Earlier this week, Zadie Smith shared the story of how she explained the difference between men and women’s beauty routines to her young daughter.
“I explained it her in these terms,” she said at the Edinburgh Book Festival. “You are wasting your time, your brother doesn’t worry about any of this. Every day of his life he will put a shirt on, he’s out the door, and he doesn’t give a shit if you waste an hour and a half doing your makeup.”
“It was infuriating to me,” Smith continued. “I decided to spontaneously decide on a principle: that if it takes longer than 15 minutes, don’t do it. From what I can understand from this contouring business, that’s like an hour and a half and that is too long.”

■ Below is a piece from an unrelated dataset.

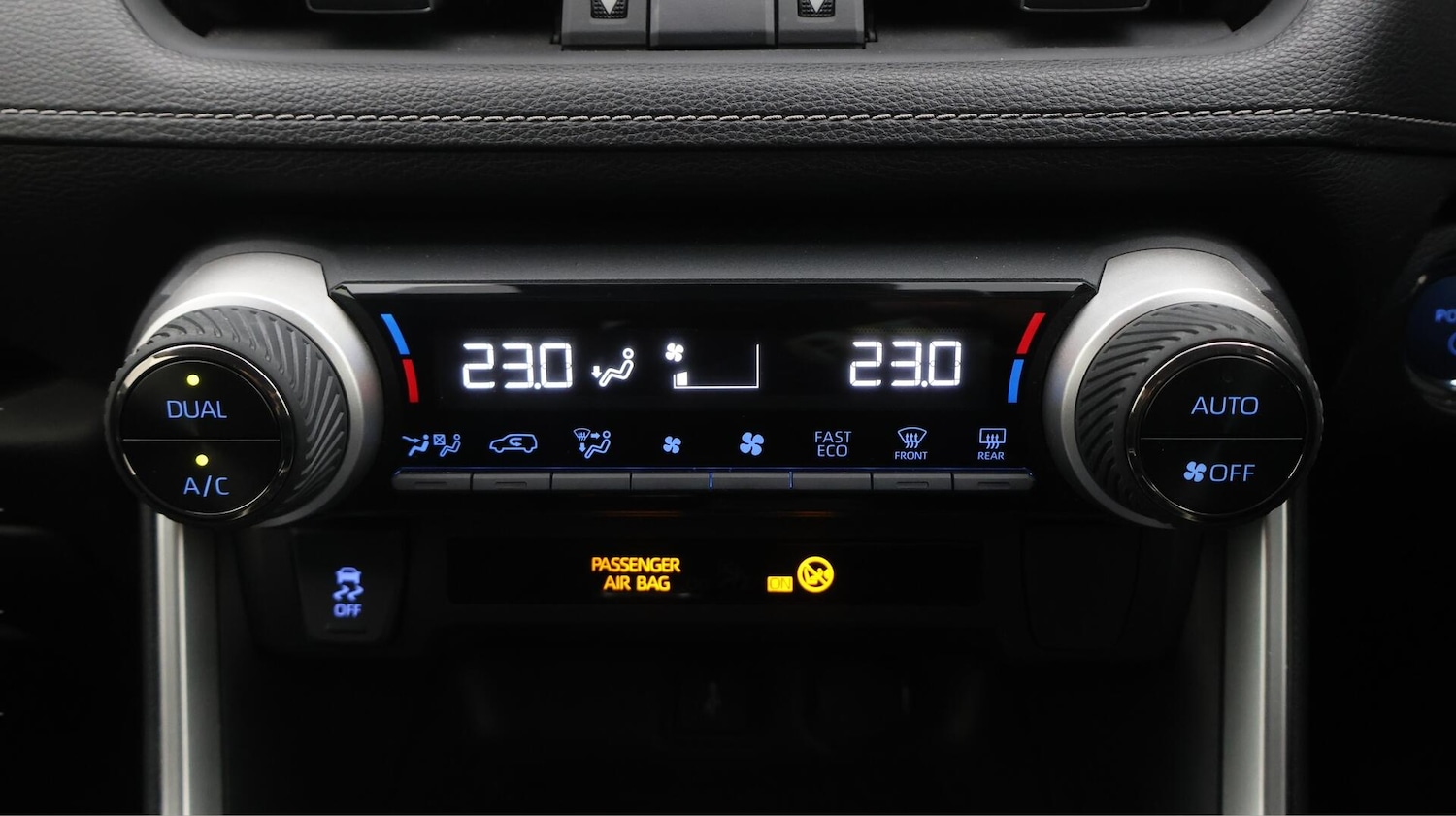 Used Toyota RAV4 2020 for sale - 76572827: Photo 13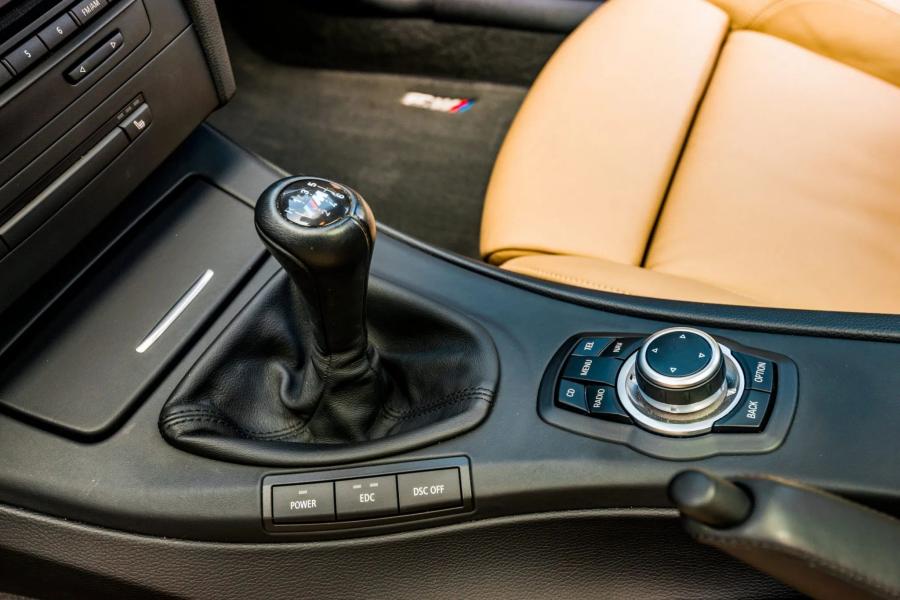 Детали интерьера BMW M3 Coupe (E92) 2009 года  (фото 47 из 69)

Which, like, fair. The author elaborated that her revelation came after noticing her seven-year-old had begun to take an active interest in the mirror, so she laid out her rule in terms of practicality. At some point, she also allegedly mentioned the girls are “fools” to waste time on beauty. And as a result, a lot of people were not impressed.
But the thing about Smith’s comments is that they’re rooted in her own belief system. She’s also right about most men not caring about their skincare routine or what foundation to use. Some of us (hi) were only allowed to wear clear lip gloss and nail polish until eighth grade, and I can’t imagine trying to explain to my late grandmother why contouring was something I felt I needed to do without being lectured on how wrong I was. Plus, Zadie Smith is free to parent however she likes. And while I’m not here for makeup-shaming (or any shaming), there’s also an argument to be made about the way she’s teaching her daughter about the reclamation of time and energy.

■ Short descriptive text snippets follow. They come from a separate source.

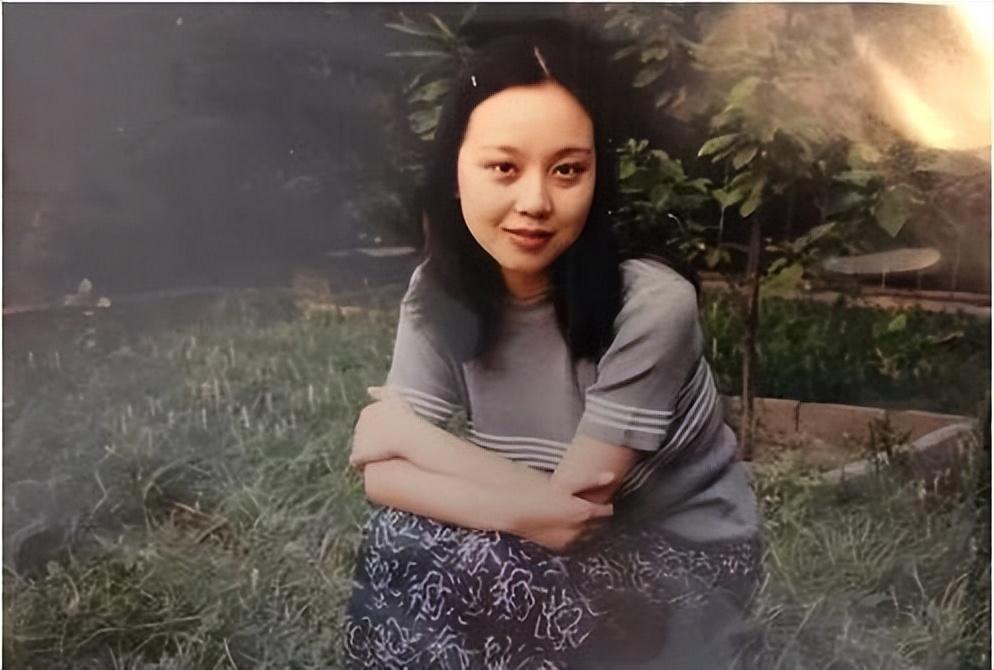 前半生的闫妮,完全可以用郑钧在《私奔》里的歌词来形容她"我梦寐以求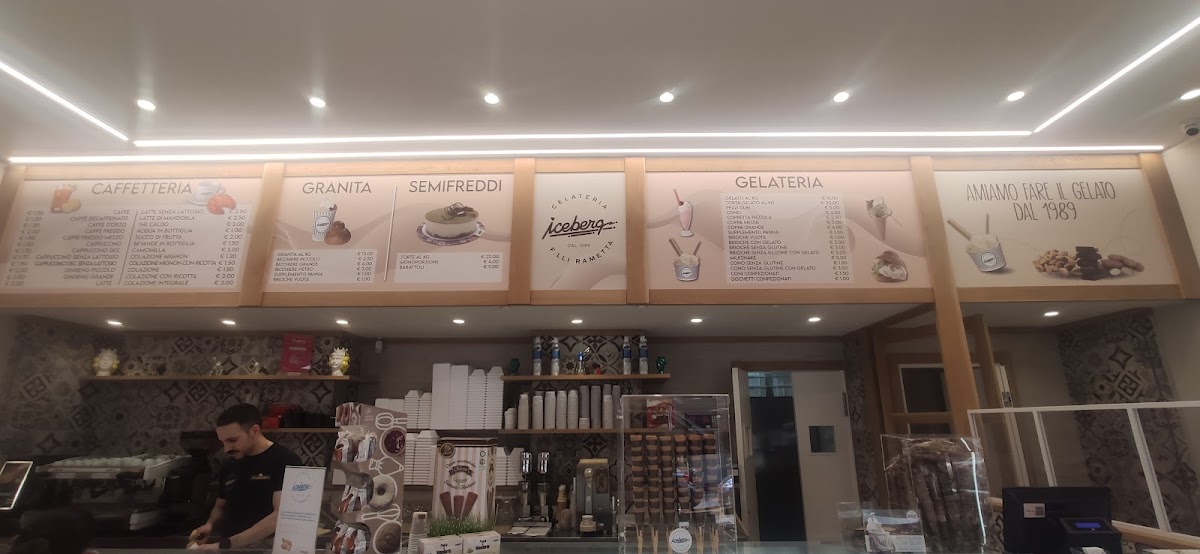 Gelateria Iceberg Photo Menu 1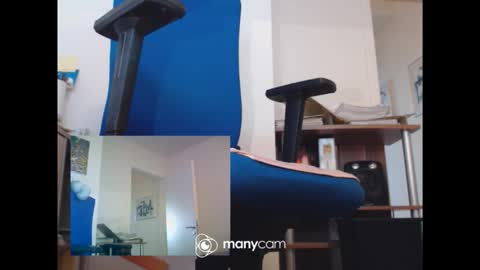 Snapshot of mrduplo1975 chatting on May 6, 2026, 2:44 pm MrJohnsen1975 online show from May 6, 2026, 2:44 pm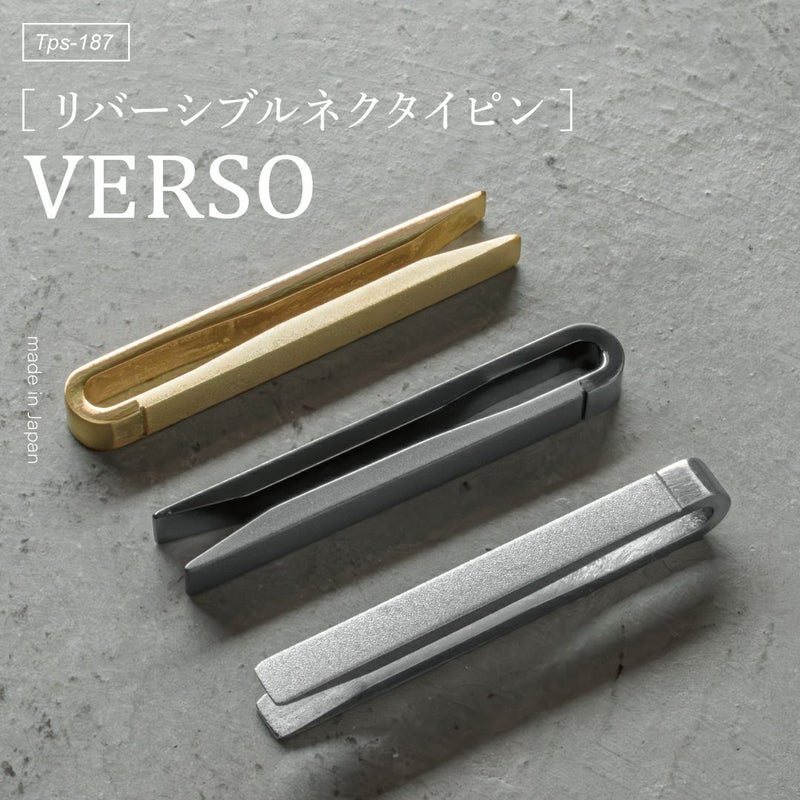 ゴールド、ブラックシルバー、シルバーの3色のリバーシブルネクタイピン「VERSO」が並べられた俯瞰ショット。「made in Japan」の表記あり。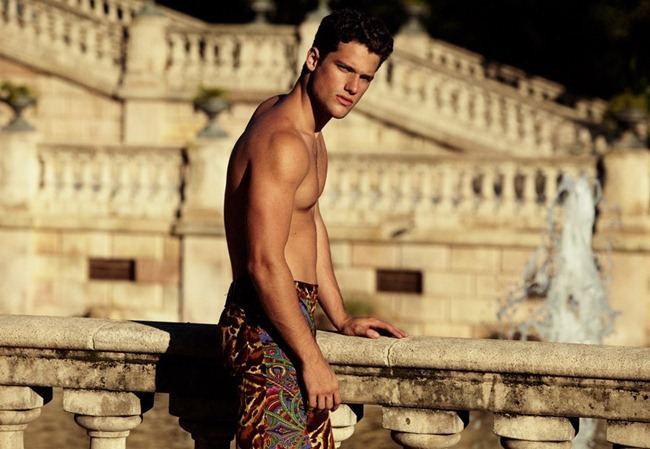 HERCULES MAGAZINE: ARTHUR SALES IN "VERSACE FULL POWER"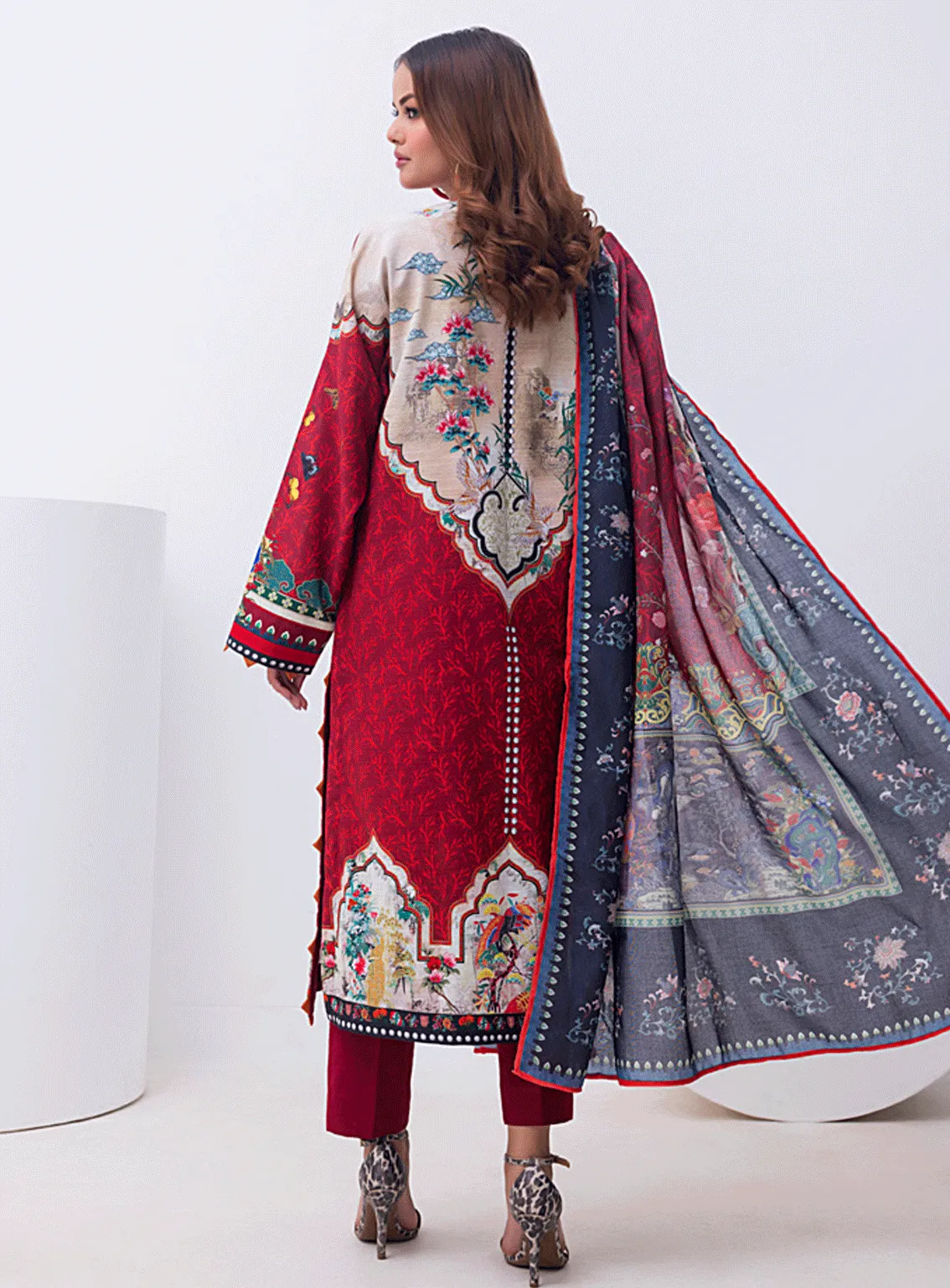 Regalia By Gul Ahmed Printed Khaddar Unstitched 3 Piece Suit - GA23RW WRF32014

Ultimately, there’s no right or wrong way to apply or wear makeup. If you want to contour daily, go for it, and know that I’m jealous you even know how. But when Smith explains that she uses the concept of saving time to instill values in her daughter, it’s important to note that there’s something valuable in that. If you’re brought up to acknowledge beauty and makeup in a realistic and practical way, you’ll develop a healthier relationship to it and introduce your own takes, products, and approaches on your own schedule. This means that instead of Smith’s daughter believing she “needs” to use makeup, she’ll choose experiment with it because she wants to. Or not. It’s her call.
Introducing systemic norms to a child isn’t easy. (Hell, it’s hard introducing them to an adult). So as grown women, we know how easy it is to fall into the trap of believing we “should” look a certain way or “should” use products we’re told we need. Smith didn’t need to call women who take time with their makeup foolish, but by introducing beauty norms to her daughter in a simple way that hinged on saving time, she created enough space for her daughter to develop her own relationship with makeup and beauty the older she gets. Because if I know anything about being a former teenager, it’s that they’re going to do what they want, regardless of what their mom says.